-- What to do --
Using the material below, repeat exactly the lines from the one with "Find the sum" through the one with "Spotkanie z Operą", ends included, without any images.

-- Given data --
━━━━━━━━━━

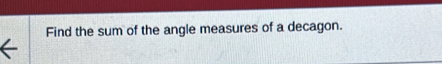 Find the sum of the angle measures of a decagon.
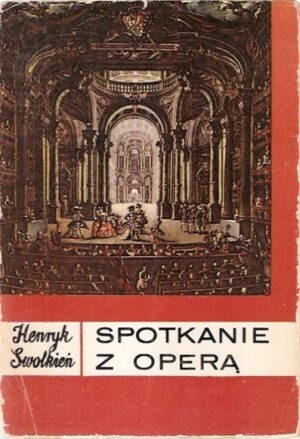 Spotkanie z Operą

━━━━━━━━━━

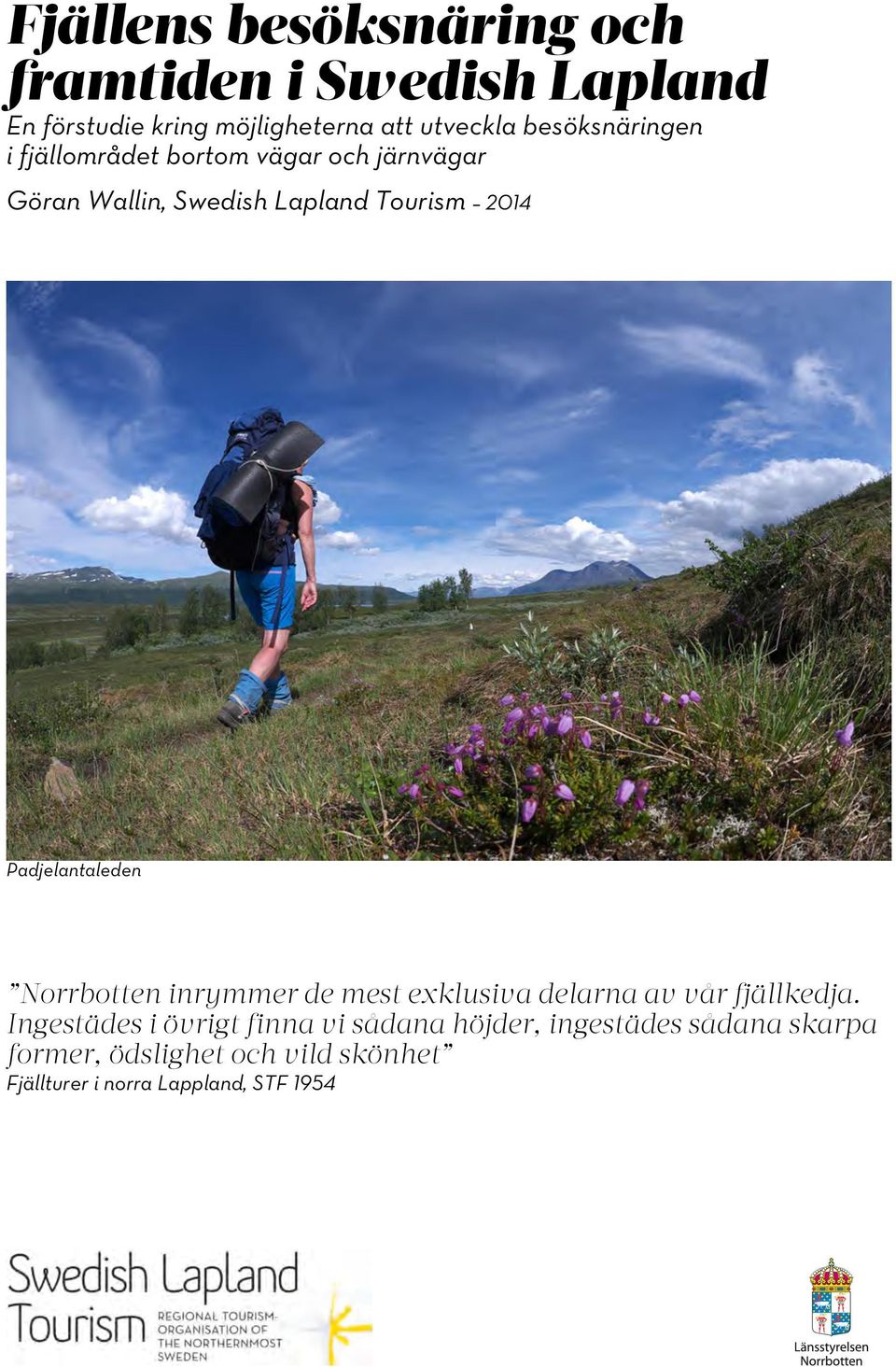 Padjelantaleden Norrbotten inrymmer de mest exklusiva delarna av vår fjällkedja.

━━━━━━━━━━

-- Response to this exercise --
 Find the sum of the angle measures of a decagon.
 Spotkanie z Operą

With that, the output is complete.